Among the private contributors of data, infrastructure operators and their main partner, Eco-Movement, stand out.
They state: “We verify this data with information we obtain from official government sources, vehicle manufacturers‘ (OEM) data, but also with data obtained from third parties, such as industry organizations”.
“We also use feedback from electric vehicle drivers and many other sources. Only charging points that comply with the law are counted,” they add.
It’s worth mentioning that current regulations require that high-power alternating current (AC) charging points for electric vehicles must be equipped, for interoperability purposes, with at least Type 2 connectors as described in the EN 62196-2 standard.
Therefore, AC charging points are counted based on the number of Type 2 connectors, as recorded by EAFO.
The same methodology is applied to high-power direct current (DC) charging points.
They must be equipped with connectors from the Combined Charging System “Combo 2” as described in the EN 62196-3 standard.
The quantity of Combo 2 connectors is used to tally the DC charging installations.

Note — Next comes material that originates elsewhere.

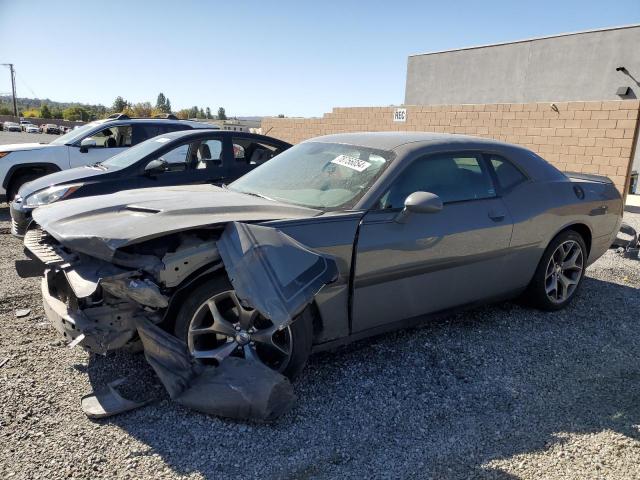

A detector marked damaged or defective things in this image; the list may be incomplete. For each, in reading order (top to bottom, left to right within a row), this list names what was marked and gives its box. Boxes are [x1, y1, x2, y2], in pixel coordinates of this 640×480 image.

Regarding the data coverage, the organization admits that there are still gaps and they are actively seeking “reliable sources” to improve their coverage.

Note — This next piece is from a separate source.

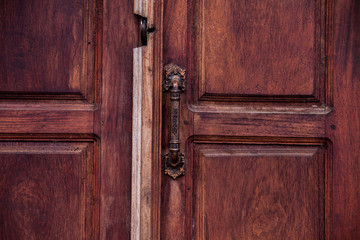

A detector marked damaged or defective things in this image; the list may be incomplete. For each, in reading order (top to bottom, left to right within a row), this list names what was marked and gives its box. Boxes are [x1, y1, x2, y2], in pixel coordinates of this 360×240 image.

rusty metal handle [163, 62, 186, 179]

“We are always open to reviewing new data sources and reliable data related to alternative fuels within our scope,” they state.

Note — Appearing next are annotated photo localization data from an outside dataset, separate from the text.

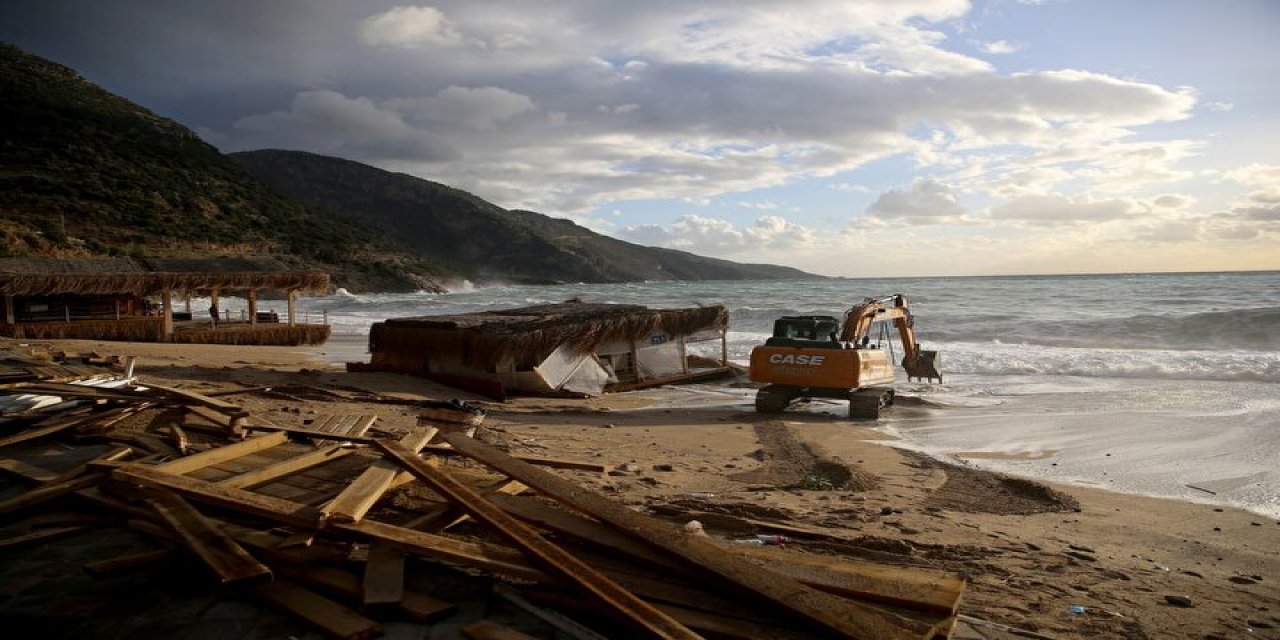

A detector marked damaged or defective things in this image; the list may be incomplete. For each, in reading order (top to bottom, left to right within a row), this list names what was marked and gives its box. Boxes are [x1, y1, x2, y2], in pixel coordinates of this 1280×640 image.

splintered lumber [108, 463, 325, 527]
splintered lumber [151, 430, 289, 476]
splintered lumber [216, 445, 353, 488]
splintered lumber [322, 424, 437, 524]
splintered lumber [419, 442, 609, 473]
splintered lumber [140, 483, 270, 586]
splintered lumber [360, 545, 404, 604]
splintered lumber [330, 519, 550, 586]
splintered lumber [373, 440, 706, 640]
splintered lumber [437, 430, 931, 640]
splintered lumber [488, 494, 962, 614]
splintered lumber [244, 581, 381, 640]
splintered lumber [463, 619, 537, 640]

In terms of the flow of records, they indicate that the number of operators involved is constantly growing.
They describe it as follows: “We see constant improvements. The coverage of charging points in EU countries is considered high and the quality will continue to increase in the future“.
How will EAFO count charging points by 2027?
Before January 1, 2027, a Common European Access Point must be established as a gateway.
This should be in line with the structures of EAFO and compatible with the TENtec information system.
“This should allow users to easily access data, compare prices, and obtain relevant information about infrastructure features, such as accessibility, availability, or power capacity”, explain EAFO.
Additionally, this commission will have differentiated powers, such as adopting measures to obtain additional data.
These measures can pertain to the format, frequency, or quality of procedures in the devices.
Furthermore, infrastructure operators must provide static and dynamic data on the operation of charging points. They must also create interfaces for “free and unrestricted” access to this data.
EAFO has established a network that allows access to over 300 different connections.
This network involves data from the networks of more than 3,000 charging operators worldwide.
Regarding this, the organization points out: “A series of data cleaning and filtering procedures is necessary to end up with the correct set of charging points. There are recurring errors that could lead to incorrect figures that do not reflect reality.”
Regarding the differences in counting and characterizing charging networks, according to EAFO, they may be due to the following reasons:
- Different definitions of the term “charging point.”
- Registering chargers with connector types that are not considered charging points according to EU legislation.
- Counting the quantity or type of chargers as two different charging points.
- Incorrect or contradictory information as the source of a failed record.
To provide precision, EAFO defines a charging point as operational when it is “accessible to the general public”.
According to this criterion, temporary inoperability of the station is not a necessary reason to remove the point from the record.
Additionally, they differentiate between charging points for public access and those for private use but with public access.